Они звучали, как клятва.
В окно пробивался рассвет — розоватый свет, тусклый, холодный, словно ртуть, растёкшаяся по стеклу. Этот свет казался чужим, но он не мог оторвать взгляда. В этом холодном утре было что-то истинное — не прячащееся за словами, не растворяющееся в отговорках. Настоящее.
Он шагнул в коридор — и воздух встретил его запахом дешёвого мыла и чем-то ещё, чем-то невидимым, что висело между этими стенами, проникая в кожу. В каждом шорохе, в каждом взгляде, в каждом шёпоте слышался вызов. «Я в этом мире. И этот мир — мой», — сказал он себе, и впервые за долгое время эти слова не были пустой бравадой.
Он чувствовал, как напряжение сковывает мышцы — но уже не как тяжесть. Оно стало силой, упругой, как струна. Струна, которая может прорезать эту тишину, если понадобится. В его ладони остался холод алюминиевого стакана — простого, будничного, но в этом холоде он почувствовал отблеск своей решимости. Он мог быть таким же — простым, немигающим, острым.
За окнами гудел грузовик, грохот его колёс отзывался в висках. Этот мир не знал ни его страхов, ни его надежд. Но он знал: каждый шаг, каждое слово — уже не просто шаг. Это — война. И даже каша за 12 копеек стала её частью — символом, который уже нельзя забыть.
Он стоял в коридоре — один, но не одинокий. Впереди — больница, главный врач, Карпов, их зловещая тень, что нависла над каждым из них. Но Мирослав больше не дрожал. Он знал: страх всегда будет рядом. Но страх — это не конец. Это начало. И в этом начале он готов был жить — и бороться.
Глава 108
Тайный суд
Утро выдалось серым, как будто небо само прижалось к крышам, не желая отпускать этот город из своей холодной хватки. Мирослав шёл по коридору больницы, и каждый шаг отдавался в его теле отголоском настороженного молчания. Тяжесть в плечах — будто он нёс не только своё тело, но и чужие взгляды, чужие страхи, растянувшиеся по стенам в пыльных следах.

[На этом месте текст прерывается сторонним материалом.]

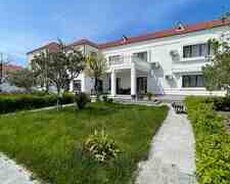 Villa, Novxanı qəs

Он чувствовал, как воздух — плотный, вязкий — тянет с него каждую мысль, каждый вдох. Люди вокруг казались такими же, как всегда: медсёстры, переговаривающиеся о сменах и дефиците бинтов; пациенты с бледными лицами, пахнущие мятой и йодом. Но в этой привычной картине что-то было не так. Словно кто-то вырезал из воздуха невидимую трещину, и теперь через неё сочилась напряжённость.